VoN works on a process called Supervised Machine Learning. What this basically means is that we give VoN data that has a right answer, called the labels, and what we want it to use to find that right answer, called the features.

The algorithm is then tasked with looking at the features of each entry and trying to guess what its label is, before being corrected and trying again.

Think of it as akin to how people learn to walk.

Instead of giving toddlers a step-by-step guide on all the dynamics of walking, we just show them how we walk.

After observing adults walk for a little, the baby usually gets up and attempts it themselves. If they fall, then they know that's not how we're supposed to walk but, if they don't fall, then they learn that whatever it is that they just did is walking.

So now it makes sense at a super high level, but how does it really work?

To answer that we need data.

Splitting Up The Data

Data is the backbone of machine learning, with around 80% of making any algorithm being cleaning up the data, so what data we used and how we used it are the most important parts of any algorithm.
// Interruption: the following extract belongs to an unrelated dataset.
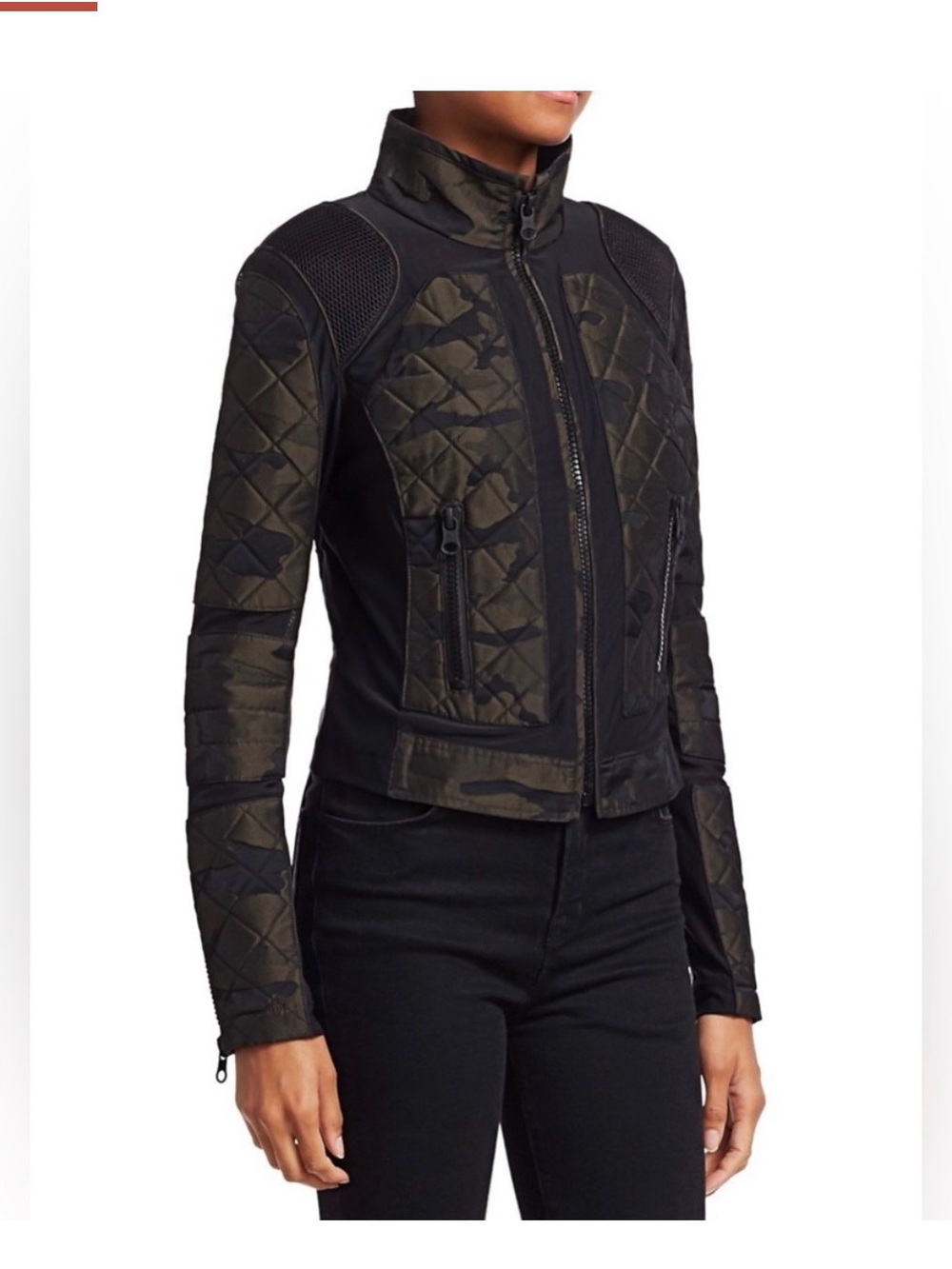 blanc noir Quilted Camouflage Bomber Jacket - Black & Olive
For VoN, I used a dataset from Kaggle (a sort of “Airbnb” for data scientists”) that included around 350 medium articles split into 6 columns:

Author Name
Claps
Reading Time
Link
Title
Text

(You can find it here)

For the purposes that I had, I decided to isolate just the “Claps” as the labels and the “Text” as the features. This meant that only the content of the article would be judged.

Next, in order to stop the algorithm from just memorizing the answers, we have to split up the data into training data, which we use to teach the algorithm, and testing data, which we use to test it.

PreProcessing

Computers, at their most basic level, are just super powerful calculators. Everything you see on your screen is just a product of a bunch of math and Natural Language Processing like VoN is no different.

That is where preprocessing comes in.

The goal of preprocessing is to turn our language data into something that the computer can do its calculations on.

Tokenization

We do this first with a process called Tokenization, which is just fancy talk for breaking the text up into sequences of words.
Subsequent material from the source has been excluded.